[quote=“MPhilofsky, post:7, topic:9690”]
- MEASUREMENT.VALUE_AS_CONCEPT_ID
- MEASUREMENT.UNIT_CONCEPT_ID
- MEASUREMENT.OPERATOR_CONCEPT_ID
- OBSERVATION.VALUE_AS_CONCEPT_ID
- OBSERVATION.UNIT_CONCEPT_ID
concept_id = 0 identifies a source code/value/idea that doesn’t have a matching concept_id.
NULL generally means the data are absent from the source.[/quote]
While NULL may generally mean the data is missing from the source, it actually means UNKNOWN, that is, we don’t know whether or not there is data, let alone what value it might have. NULL cannot ever match anything. I’ve seen the “values of NULL” discussion, and I don’t buy it. You can never say anything positive about NULLs.

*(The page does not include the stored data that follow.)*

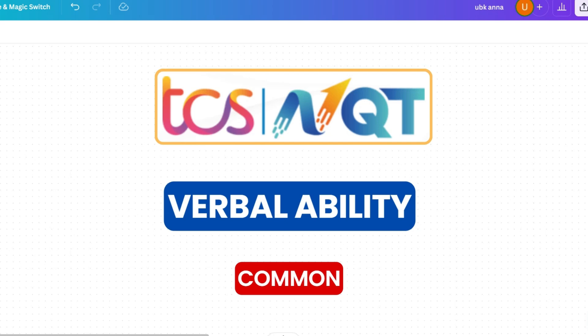Hello my dear family members. Whatever placement exam you are giving, you must face verbal ability problems. Keeping that in mind, today I will discuss some important synonyms which are common in most exams.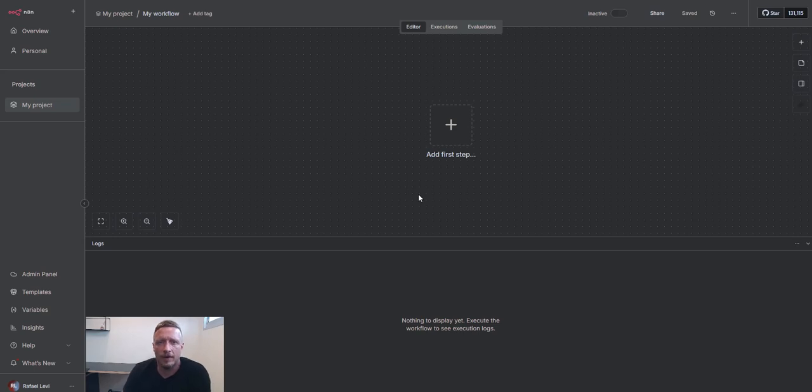Hi everybody, my name is Raphael Levy and I'm here to talk about the new node by Bright Data for N8N.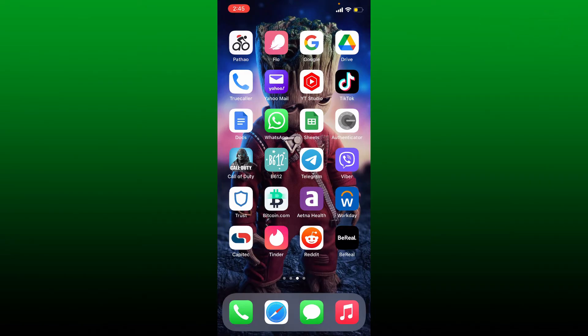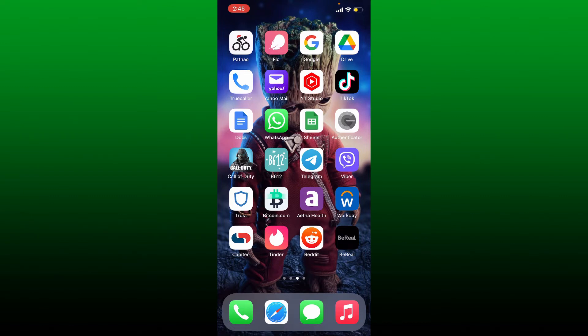If you want to access your BeReal account on a new phone, simply launch your BeReal app on your new phone. Soon after, you'll be asked to enter your name, date of birth, and phone number.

Once you say something positive about a NULL, it’s no longer NULL. Therefore zero is appropriate because it speaks only to the negative: the field literally does not have a matching concept.
Conflicts
I agree that if you don’t have values for .concept_id or .source_concept_id, you don’t have useful data.
However, all of the “type_concept_id” fields are ARE Required even though the value may not be available in the source.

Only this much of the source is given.